DATA FOR PROCESSING
== Segment start ==

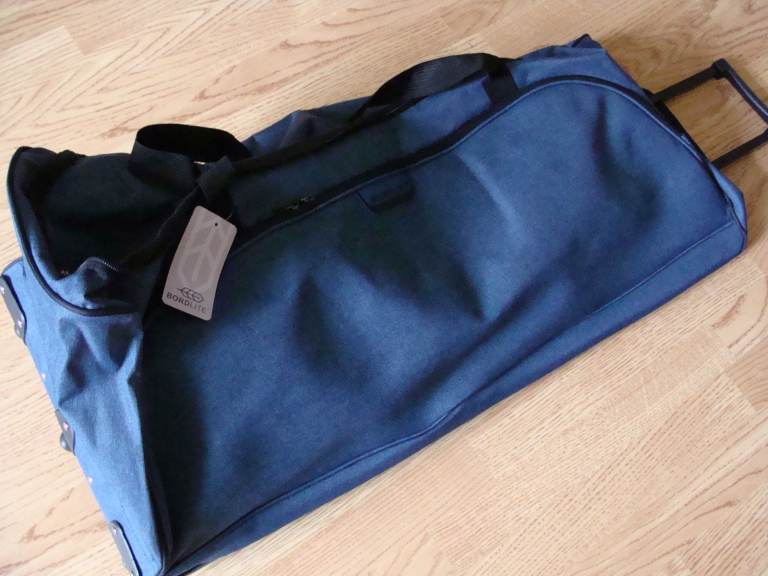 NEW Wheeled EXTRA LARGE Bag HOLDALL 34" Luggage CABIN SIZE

== Segment end ==
== Segment start ==

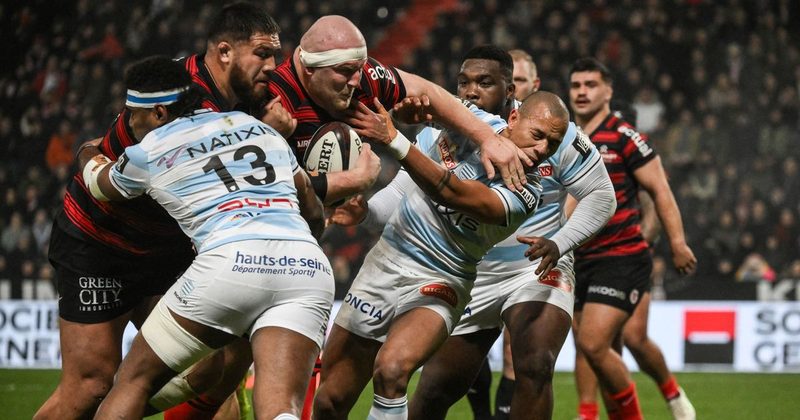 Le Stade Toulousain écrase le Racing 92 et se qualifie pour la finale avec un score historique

== Segment end ==
== Segment start ==

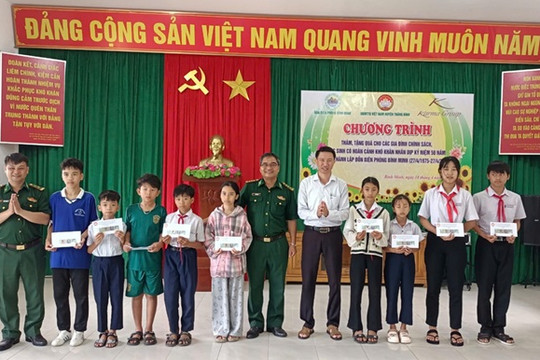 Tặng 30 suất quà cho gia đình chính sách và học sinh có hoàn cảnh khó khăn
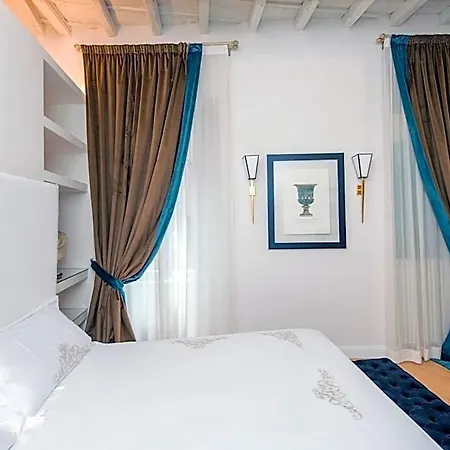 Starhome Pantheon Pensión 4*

== Segment end ==

WORK INSTRUCTIONS
For this exercise, transcribe exactly the part of the records above that opens with the line containing "Tặng 30 suất" and closes with the one containing "Starhome Pantheon Pensión 4*". Pictures are not part of the copy.

EXPECTED ANSWER
 Tặng 30 suất quà cho gia đình chính sách và học sinh có hoàn cảnh khó khăn
 Starhome Pantheon Pensión 4*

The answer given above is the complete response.